Understanding the regulation of transcription by sequence-specific regulatory factors and subsequent remodeling of chromatin is central to studies of health and disease. The activities of regulatory factors at promoters, enhancers, silencers, and insulators typically cause nucleosomes to be evicted from chromatin in eukaryotic cells1. Therefore, one of the most effective means of discovering transcriptional regulatory elements is through the identification of nucleosome-depleted regions (“open chromatin”).
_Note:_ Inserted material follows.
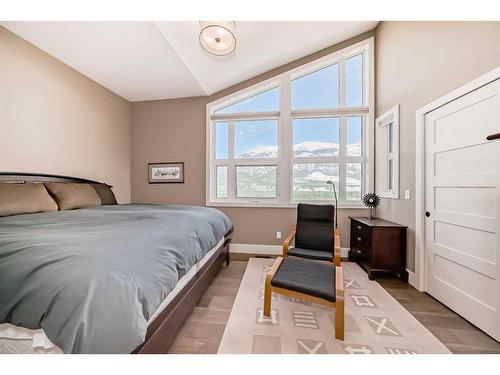 213 Riva Heights, Canmore, AB - Indoor Photo Showing Bedroom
Historically, this was accomplished by exploiting regional hypersensitivity to nucleases such as DNase I2–9. More recently, we demonstrated an alternative methodology for the detection of open chromatin, which we termed FAIRE (Formaldehyde-Assisted Isolation of Regulatory Elements)10–13. FAIRE was first characterized in yeast and subsequently applied to human cells and tissues13–16. The technique has proven useful for a wide range of eukaryotes, from Plasmodium17 to maize18. Here, we present recent methodological enhancements that improve the utility and reliability of FAIRE, especially for use on tissues or lipid-laden cells such as adipocytes.
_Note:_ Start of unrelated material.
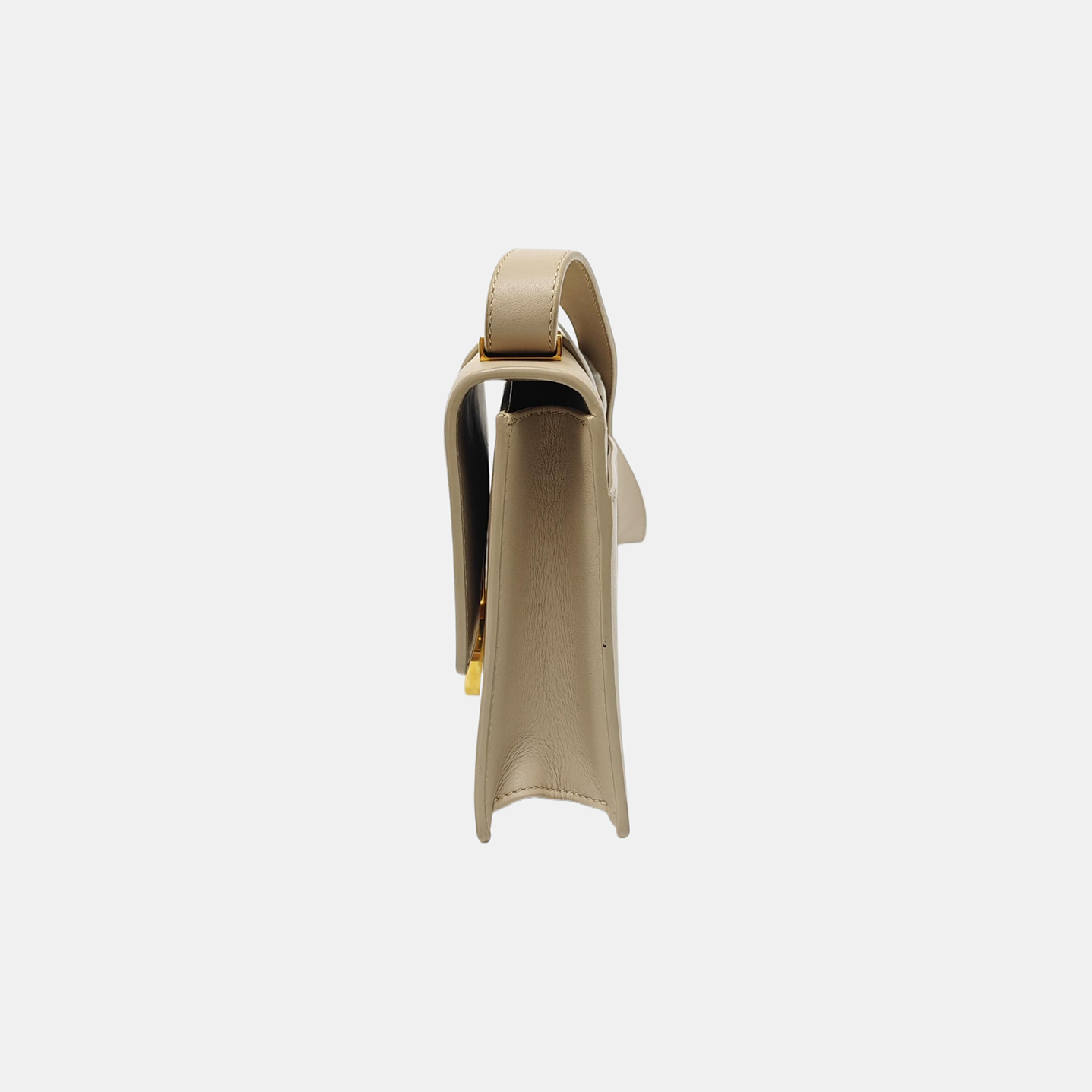 30 Montaigne Small Calfskin Beige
FAIRE does not rely on the use of antibodies or enzymes, and is based on differences in crosslinking efficiencies between DNA and nucleosomes or sequence-specific DNA-binding proteins. DNA in nucleosome depleted regions of chromatin (for example through the activity of a sequence-specific regulatory factor) is much less efficiently crosslinked to protein12. DNA not crosslinked to protein will segregate to the aqueous phase during phenol-chloroform extraction. In contrast, DNA covalently linked to proteins will demonstrate hydrophilic properties, and will become trapped between the organic and aqueous phase. To perform FAIRE (Figure 1), cells or dissociated tissues are cross-linked briefly with formaldehyde, lysed, and sonicated. Sheared chromatin is then subjected to phenol/chloroform extraction. The DNA in the aqueous phase is then purified and assayed. FAIRE-enriched chromatin is detected using one of several quantitative approaches. Options include quantitative amplification by PCR (FAIRE-qPCR)13, hybridization to a tiling DNA microarray (FAIRE-chip)11,13, or sequencing via next-generation sequencing technologies (FAIRE-seq)13,16. Due to declining costs of sequencing and higher quality and resolution of sequencing-based data, FAIRE-seq has now nearly fully supplanted FAIRE-chip and FAIRE-qPCR, especially for larger genomes, but also for smaller genomes through multiplexing. Analysis by next-generation sequencing requires alignment of high-quality reads to a reference genome (e.g. Bowtie19) followed by detection of regions of significant enrichment (we recommend ZINBA20). Bowtie and ZINBA are both freely available.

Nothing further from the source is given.